AK: Eu me apoio fortemente no desejo de ser uma boa pessoa. E eu tenho que trabalhar nisso, porque eu posso ser confrontável, e posso ser cheio de mim, mas eu tenho a suspeita de que no final, quando todo mundo para, o degrau da sua bondade será o que vai transformar sua próxima experiência. É isso que eu gosto de alcançar com meu ativo e silencioso mantra.

HUMANITY: O que é felicidade para você?
AK: Eu encontro felicidade nas coisas mais simples e pequenas. Não tem nada a ver com grandiosidade, mas tudo a ver com simplicidade. Por exemplo, segurar meu filho essa manhã – não há nada melhor do que isso. Essa é minha felicidade. Assistir o nascer do sol, essa é minha felicidade. Estar na minha prancha de surf, tocando a superfície do oceano, essa é minha felicidade. Ligar para o meu pai, ouvir sua voz no telefone, ficar animado por ligar para ele, essa é minha felicidade. Ler um livro para o meu filho no jantar, essa é minha felicidade. É meio que todos os lugares, ao meu redor, se eu estiver bem comigo mesmo. Se eu não estiver bem comigo mesmo, eu não vou encontrar eu nenhum lugar.
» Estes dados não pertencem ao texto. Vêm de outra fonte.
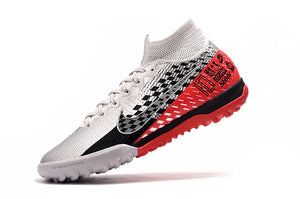 CHUTEIRA NIKE MERCURIAL SUPERFLY 7 ELITE TF "NEYMAR"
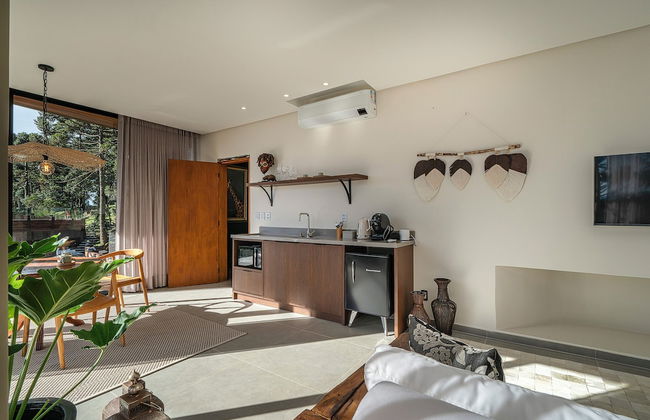 Bulawayo Lodge - Foto 12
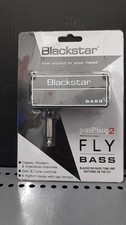 Amplug2 Amplificateur FLY BASS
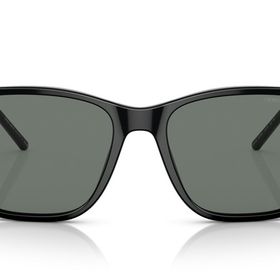Giorgio Armani AR 8176 COL 5017/87 57-18-145 Erkek Güneş Gözlüğü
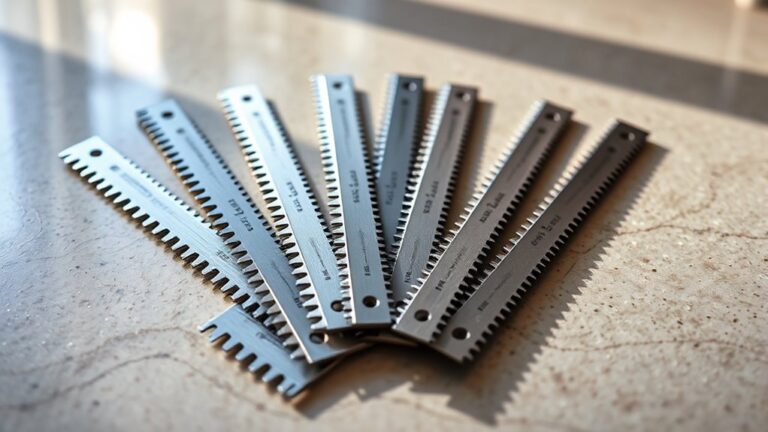10 Best Jigsaw Blades for Laminate Countertops in 2026 - toolzguru.com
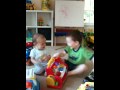 IMG 0028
HUMANITY: Pelo que você é mais agradecido?
AK: Pelo o que sou agradecido? Tudo. Tudo é um presente, tudo está acontecendo por uma razão e sou agradecido por tudo isso. Eu reclamo sobre: eu fiquei doente duas semanas atrás, e eu nunca fico doente. Eu estava tão puto – eu não podia surfar, eu não podia cantar, eu estava dolorido. Mas agora estou agradecido por ter duas semanas de folga para pensar sobre isso. Duas semanas para não correr por aí como uma galinha sem cabeça. Eu desacelerei, descansei, fiquei em casa com o Everly, trabalhei em algumas letras. Em retrospecto, talvez eu precisasse ficar doente. Sou agradecido por tudo.